First,i use matlab to create three rayleigh fading channel
$\mathbf H_A = \frac{1}{\sqrt2}\times [randn(5,6) + j \ randn(5,6)]$,$\mathbf H_A$ is a $5$ by $6$ matrix which elements are complex
$\mathbf H_{AB} = \frac{1}{\sqrt2}\times [randn(2,6) + j \ randn(2,6)]$,$\mathbf H_{AB}$ is a $2$ by $6$ matrix which elements are complex
$\mathbf H_{AC} = \frac{1}{\sqrt2}\times [randn(2,6) + j \ randn(2,6)]$,$\mathbf H_{AC}$ is a $2$ by $6$ matrix which elements are complex
then calculate their null space ,$\vec n_A$,to let $\mathbf H_A \vec n_A=\vec 0$,and find $\vec v_{AB}$ and $\vec v_{AC}$,which is from the SVD result.Now because some reason,i have to let $\vec v_{AB}$ and $\vec v_{AC}$ projected onto the $\vec n_A$ to become a new vector ,$\vec f_{AB}$ and $\vec f_{AC}$.That is,
$\vec f_{AB}=\vec n_A (\vec n_A^H \vec n_A)^{-1}\vec n_A^H \vec v_{AB}$ , H is conjugate transpose,$\vec f_{AB}$ is $6$ by $1$ vector
$\vec f_{AC}=\vec n_A (\vec n_A^H \vec n_A)^{-1}\vec n_A^H \vec v_{AC}$ , H is conjugate transpose,$\vec f_{AC}$ is $6$ by $1$ vector
Now i assume a new vector is the sum of part of $\vec f_{AB}$ and part of $\vec f_{AC}$,and normalize the new vector.that is
$f_{new}=\frac{\alpha \vec f_{AB}+(1-\alpha)\vec f_{AC}}{\alpha^2 ||\vec f_{AB}||^2+(1-\alpha)^2 ||\vec f_{AC}||^2}$,and $||f_{new}||^2=1$
So now we can know we will have different $f_new$ vector with the different $\alpha$.

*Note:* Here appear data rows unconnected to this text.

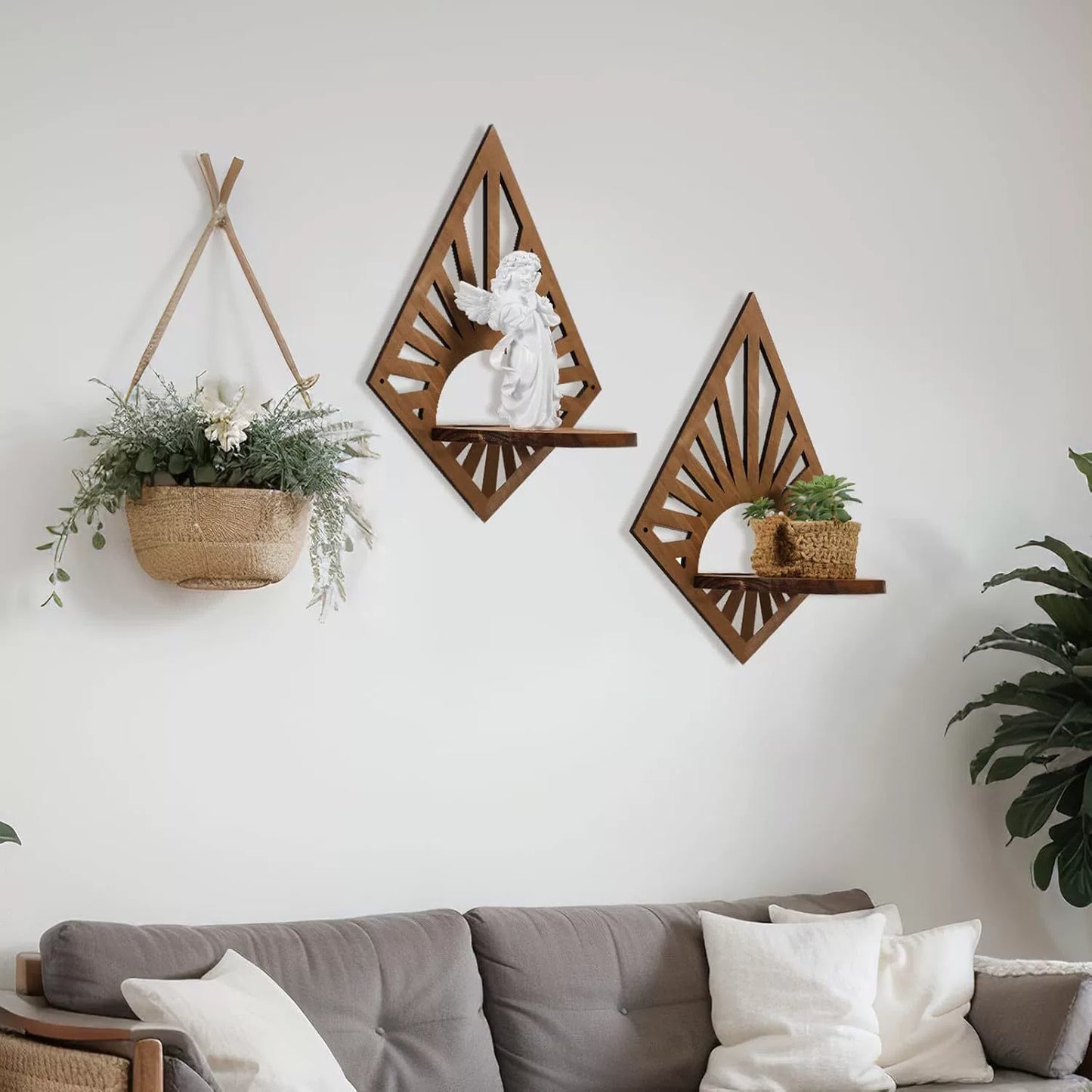Wooden Geometric Floating Shelf - Diamond-Shaped Rustic Pine Wall Decor for Candles & Mini Accents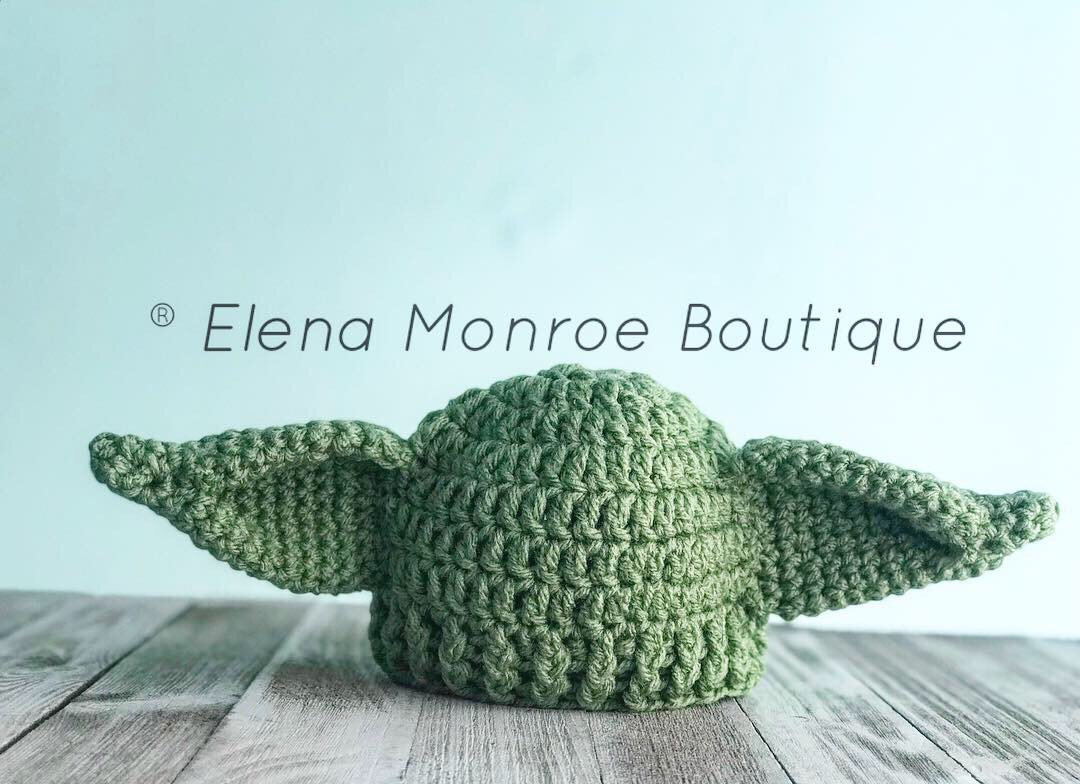 Crochet Yoda Hat Pattern Free Crochet Yoda Inspired Beanie Space Alien Hat Ba Yoda Etsy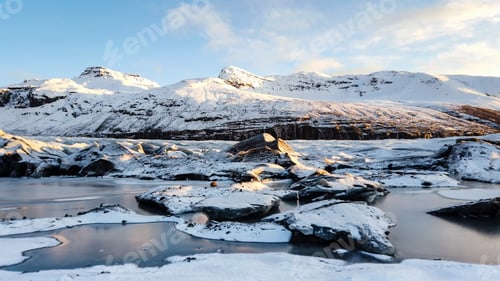 Preview: Jokulsarlon glacial lake, Iceland. Icebergs floating on water. Iceland landscape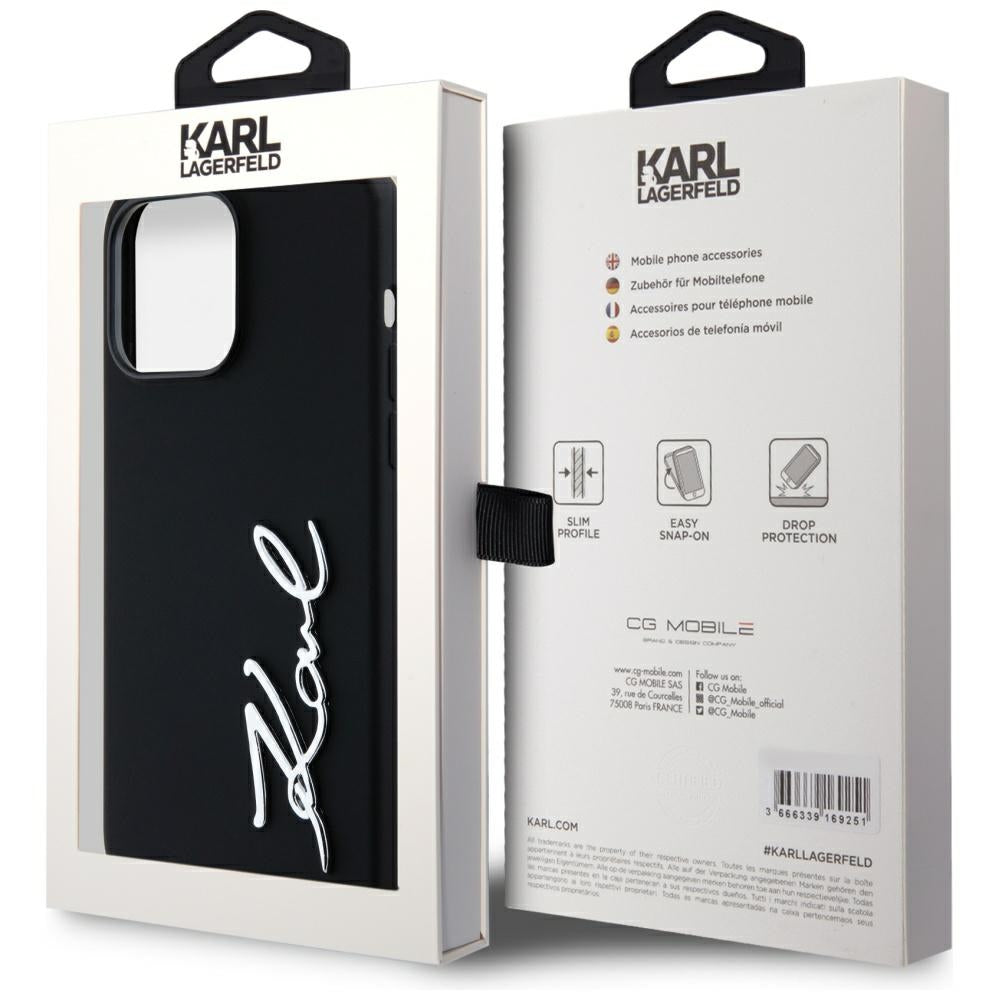Θήκη για Apple iPhone 14 Pro Max, Karl Lagerfeld, Silicone Script, Μαύρη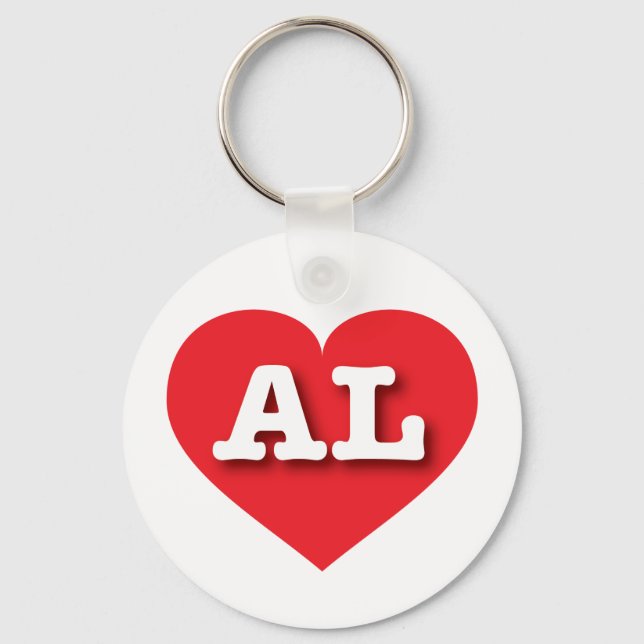 Alabama Red Heart - I love AL Keychain (Front)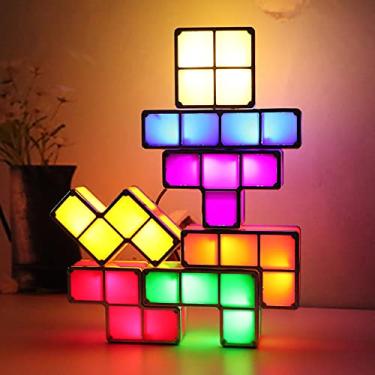 Imagem de VEEKI Luz noturna empilhável, LED empilhável, quebra-cabeças 3D, luzes noturnas, lâmpada de mesa interligada por indução, blocos de luz tangram DIY para decoração de quarto (luz noturna-USB)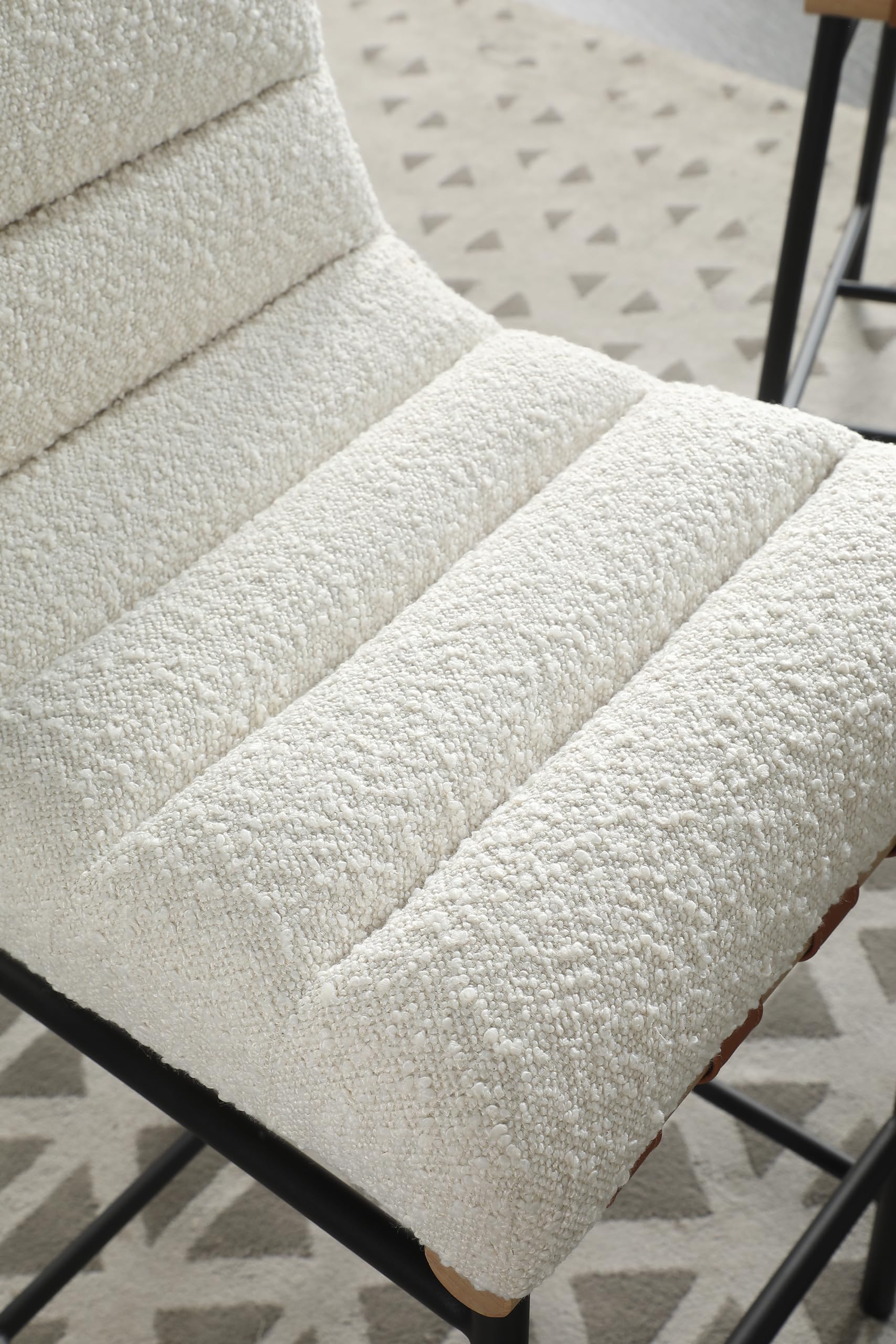 LILOLA LIVING Lahni White Boucle Fabric Counter Height Chair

Now ,i call $f_{new}=f_{0.1} $ when $\alpha=0.1;$ and $f_{new}=f_{0.2} $ when $\alpha=0.2;$.As we know,$f_{0.1} \neq f_{0.2}$,but why is $||\mathbf H_{AB} f_{0.1}||^2 \approx ||\mathbf H_{AB} f_{0.2}||^2...\approx ||\mathbf H_{AB} f_{0.9}||^2$ ?$||\mathbf H_{AC} f_{0.1}||^2 \approx ||\mathbf H_{AC} f_{0.2}||^2...\approx ||\mathbf H_{AC} f_{0.9}||^2$their difference unit is $ 10^{-15}$
A random $5\times 6$ matrix is going almost sure to have a one dimensional kernel, i.e. the construction is equivalent to taking a random vector $\vec n_A$. Now you project two vectors on $\vec n_A$ and get two parallel vectors $\vec f_{AB}=b\vec n_A$, $\vec f_{AC}=c\vec n_A$. Normalization gives $$ \vec f_{new}=\frac{\alpha b\vec n_A+(1-\alpha)c\vec n_A}{\|\alpha b\vec n_A+(1-\alpha)c\vec n_A\|}=\frac{d\vec n_A}{\|d\vec n_A\|}=\pm\frac{\vec n_A}{\|\vec n_A\|}. $$ It does not depend on $\alpha$.
P.S. It is something wrong with your normalization formula, it does not make $\|f_{new}\|=1$.